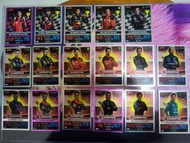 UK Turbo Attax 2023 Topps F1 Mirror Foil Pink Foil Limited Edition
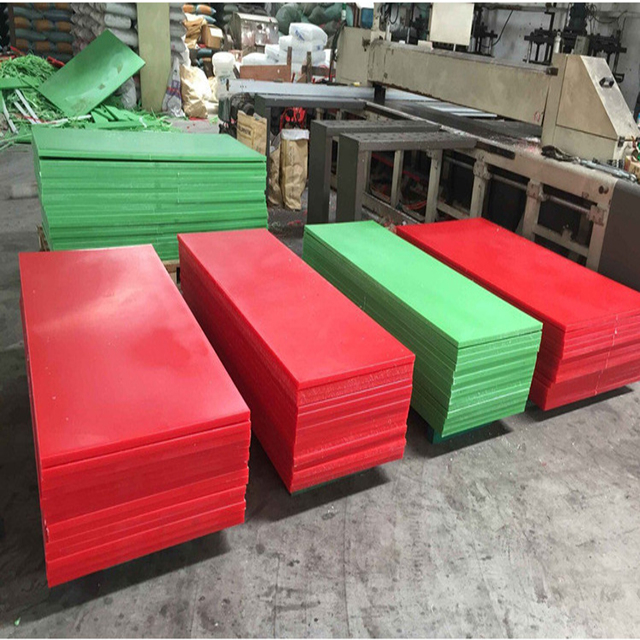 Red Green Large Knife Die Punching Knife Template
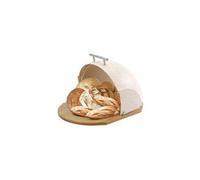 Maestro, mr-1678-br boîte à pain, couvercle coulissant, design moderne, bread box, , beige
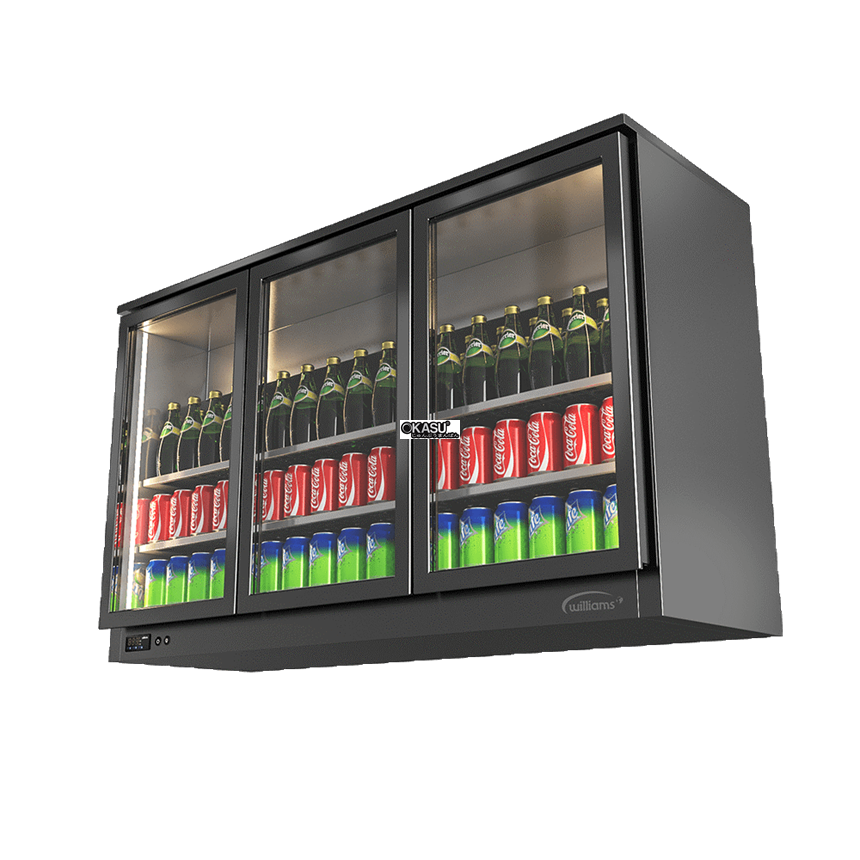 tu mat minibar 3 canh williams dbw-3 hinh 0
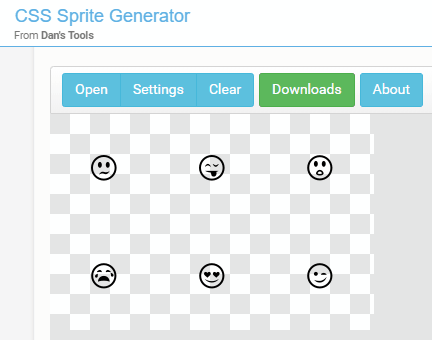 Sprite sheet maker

——————

What you write must match, line for line, the records from the line containing "Maestro, mr-1678-br boîte" through the last line, with every picture left out.

 Maestro, mr-1678-br boîte à pain, couvercle coulissant, design moderne, bread box, , beige
 tu mat minibar 3 canh williams dbw-3 hinh 0
 Sprite sheet maker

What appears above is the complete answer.